A trader who ignores the tax obligations of his business can reasonably expect to get into trouble with the authorities.
However, I recently read with great interest of a taxpayer who had not complied in any way with his tax obligations and who challenged the penalties levied against him – with some success!
(Durban Tax Court case VAT 1069, AD CC v The Commissioner SARS.)The taxpayer had taken over the running of his father’s clothing factory in 2005 and had issued invoices upon which VAT was charged for a number of years – but had paid no output VAT to SARS. SARS eventually caught up with him when a client was subjected to an audit and the trail led to invoices issued by the taxpayer’s corporation.
Alerted to the fact that VAT should have been paid, SARS hired an accountant to record and report upon the financial transactions of the corporation.
Upon completion of the investigation, SARS assessed the corporation to tax, penalties and 200% ‘additional tax’ under
Section 60 of the VAT Act. The corporation objected to the levy of the ‘additional tax’ in respect of the years 2007 to 2010. Bear in mind that the appeal was launched in April 2012 and the additional tax was imposed before commencement of the Tax Administration (TA) Act.

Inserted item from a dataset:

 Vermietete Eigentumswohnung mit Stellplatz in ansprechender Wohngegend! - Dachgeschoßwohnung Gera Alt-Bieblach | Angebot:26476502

The latter had a transitional provision to Section 270 that additional tax, which would have been imposed but for the coming into effect of the TA Act, could be imposed as if the act had not been promulgated. Section 129 of the TA Act, meanwhile, provides that understatement penalties may be increased, reduced or confirmed by the court and the onus is on SARS to prove that the penalty is justified.
Court of the first instance In this case, the judge looked at previous utterances by the Tax Court and concluded that this court has the power to look at the facts afresh. In other words, an appeal to the Tax Court is not the same as an appeal to a higher court where such a court might be reluctant to overturn the decision of the judge in the court below.
A Tax Court is a court of revision. It has the power to investigate the matter before it and call evidence because it is in fact the court of first instance in tax matters.
A partial victory
One of the witnesses for SARS stated that he personally would not have levied the 200% additional tax because the taxpayer concerned had been very co-operative. Also, under the new TA Act, his case would have attracted only 150% additional tax. These and other circumstances were taken into account by the Court, which ruled that additional tax of 100% was just and equitable in its view.
The appeal therefore succeeded, with each party paying its own costs. Although the levy of 100% additional tax is steep, it’s certainly not as bad as the original 200%!